Many growth groups can be described by a string, which can also be used to create them. For example, the string 'x^QQ * log(x)^ZZ * QQ^y * y^QQ' represents a growth group with the following properties:

• It is a growth group in the two variables $$x$$ and $$y$$.

• Its elements are of the form

$x^r \cdot \log(x)^s \cdot a^y \cdot y^q$

for $$r\in\QQ$$, $$s\in\ZZ$$, $$a\in\QQ$$ and $$q\in\QQ$$.

• The order is with respect to $$x\to\infty$$ and $$y\to\infty$$ independently of each other.

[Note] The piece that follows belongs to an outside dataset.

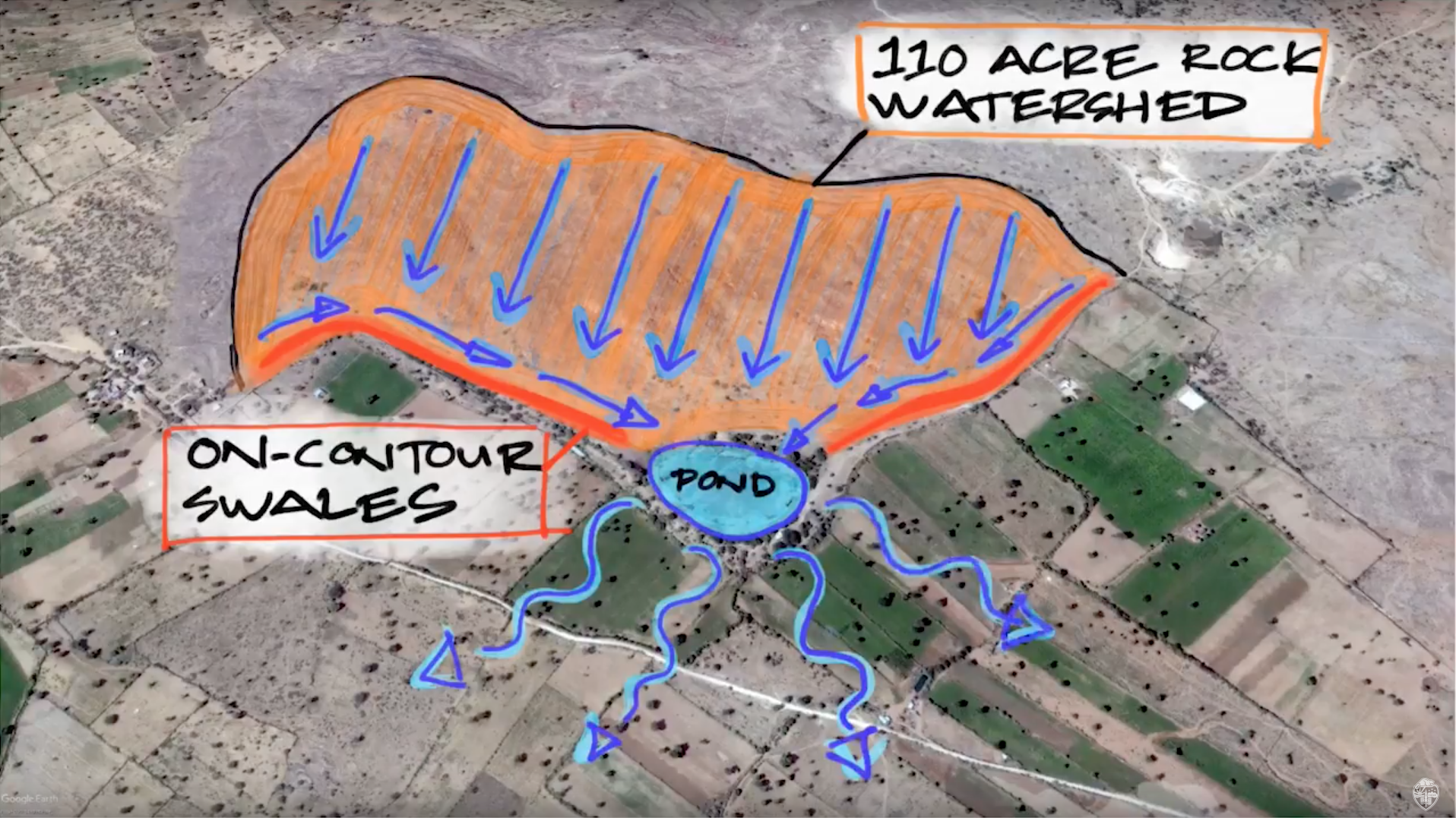 OSU Water Management for Permaculture: Advanced Course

• To compare such elements, they are split into parts belonging to only one variable. In the example above,

$x^{r_1} \cdot \log(x)^{s_1} \leq x^{r_2} \cdot \log(x)^{s_2}$

if $$(r_1, s_1) \leq (r_2, s_2)$$ lexicographically. This reflects the fact that elements $$x^r$$ are larger than elements $$\log(x)^s$$ as $$x\to\infty$$. The factors belonging to the variable $$y$$ are compared analogously.

The results of these comparisons are then put together using the product order, i.e., $$\leq$$ if each component satisfies $$\leq$$.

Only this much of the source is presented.